La seconde génération
se réfère à une conception positive du développement
durable. Elle fournit des produits d’évaluation et de classement
à partir de critères valorisant les résultats des
entreprises au regard d’un ou de plusieurs thèmes de responsabilité
sociale1. L’enjeu fondamental, en particulier
pour la seconde génération des agences de notation, est
celui de la clarté des méthodes et de l’acceptabilité
des critères utilisés.
La notation sociale, pour être
crédible et utile, a en effet besoin d’être opposable
aux entreprises évaluées, intelligible aux investisseurs
et aux financiers que ces entreprises souhaitent intéresser, et
légitime au regard des parties prenantes concernées par
l’entreprise en question. Ces conditions requièrent un référentiel
qui soit lui-même opposable. Celui-ci ne peut s’appuyer que
sur des références normatives légitimes et de portée
universelle. Or ces références ont précisément
le mérite d’exister à travers l’ensemble des Conventions,
Recommandations et Principes directeurs énoncés par les
institutions internationales légitimes, l’ONU, l’OIT,
l’OCDE, par les instruments régionaux comme ceux de l’Union
européenne, et par les conventions sectorielles. Ces instruments
énoncent des principes et des objectifs fondamentaux qui sont des
principes d’action transposables en critères précis.
Une méthode de notation rigoureuse permet de construire des indicateurs,
et de les « scorer » en tenant compte des caractéristiques
et des lieux d’implantation des entreprises sous revue.
Transparence et objectivité
La multiplication des codes de
conduite, des chartes éthiques, des certificats et des labels environnementaux,
sociaux ou de qualité technique des produits et des processus a
montré, quoi qu’on puisse penser des limites de ces outils,
l’importance de conjuguer « savoir-faire » et «
faire savoir ». A l’heure de l’économie de la réputation,
les paramètres immatériels – ce que les Anglo-Saxons
appellent le « goodwill » – peuvent en effet représenter
une part considérable de la valorisation financière de l’entreprise.

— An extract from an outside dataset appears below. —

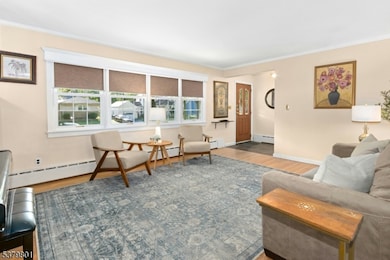 52 Brookside Terrace, Clark, NJ 07066 - photo 5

Cette valeur immatérielle ne se construit pas que par de la communication.
Elle est inextricablement liée aux attentes de la société.
Le concept de responsabilité
sociale, comme exercice managérial tangible et mesurable, apporte
au développement durable une dimension de réalisme et d’objectivité.
- Vigeo retient six domaines de RSE : clients-fournisseurs, droits humains, envionnement,
engagement sociétal, gouvernement d’entreprise, ressources humaines.